In later articles, we would try to answer how the system has re-acted to 2008 crunch, whether it or policy (monetary and more recent fiscal one) adapted properly, and the consequences of that for broader public. Are widely debated digital assets (often called currencies) part of that response to GFC? Do solutions such as affordable housing, crypto, balance sheet expansion, and most recently paychecks encourage gambling instead, and is the crash necessary to start seeing long-term investment? What does another highly developed economy (Japan) teach us, as it continues to live through the aftermath of 1989 crash? (A local event similar to '07-08, which history is well described in the below substack, that wasn’t followed by hazardous betting in markets, but left other issues with resilience).
Taking into account the recent events (2020 — 2022) it may seem that global trade and open economies haven’t led to what George Soros refers to as prospering open societies. In his own words both Russia and China are en route to less freedom and may tow the rest with them. The West has united over threat but it’s questionable how strong the consensus resistance will remain over time. Internally, Western societies are worse off with polarized politics, record inequalities, debt, and decaying middle class under global economic dominance of otherwise isolationist America. Tech progress and individual freedoms are last benchmarks, if these fail, then we really need to reevaluate our attitudes towards last decades of stagnation. Could ESG as another attempted solution be more successful?

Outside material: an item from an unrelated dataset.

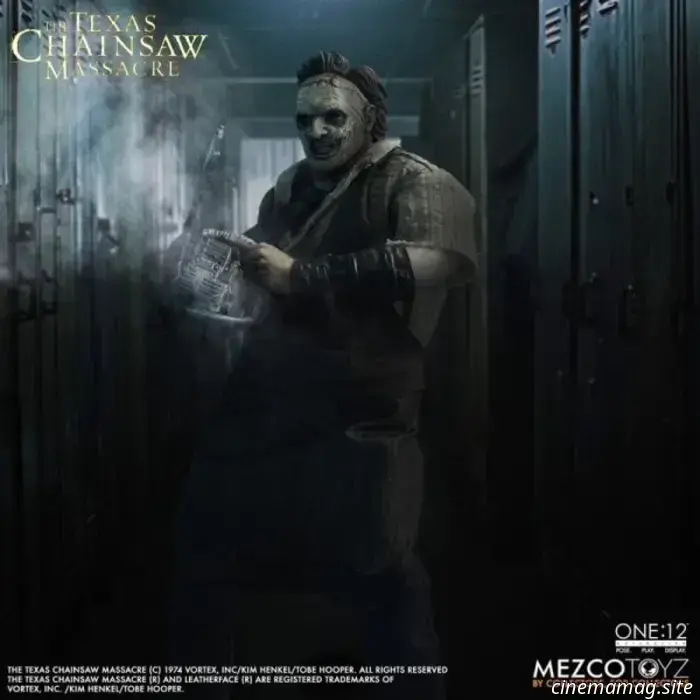 Mezco Toyz ha svelato la figura One:12 Collective di Thomas Hewitt/Leatherface da The Texas Chainsaw Massacre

Authors have accumulated material over years of work, and now as times have proven to be indeed very interesting, is a good moment to publish for broader discussion. In this column there will be occasional focus on what capitalism evolved into, can we bring back days when more citizens benefited from it, and how the philosophers and modern thinking address such matters. It was a matter of time before consolidated industries led to supply chain crunch, and now the topic became relevant to everyone. How “everything is changing” with China limiting exports or refusing to act as global lender of last resort (as it did after ‘08), now going through its own “housing moment” (and housing there is really “money” as a store of value).
Good foundation for discussion provides this series of lectures, summarizing well among other the historical context (secular decline of Western middle class and flares of instability across the EM):
Power and Politics in Today's World
In conclusion, as we started we will end here with quotes from Berkshire's Warren Buffett:
“Things have been improved for the bottom 20 percent — you can see various statistics on that,” he said. “But it’s really been improved for the top 1 percent. We are a better society than we were 100 years ago. But you would think, with our prosperity, we would hold ourselves to even higher standards of taking care of our bottom 20 percent, particularly in a situation you’ve got today.”
He and Charlie Munger also mention how inequality has indeed increased in the developed countries, but is historically one of the lowest it ever was, globally.
In future posts we will question this as an achievement of capital, and whether it means Marx had been right to call for formation of International Working Class to start revolutionary changes on a global scale. Has globalization (just as in the beginning of 20th century) now led to workers having more in common with their peers from other countries rather than elites in their own?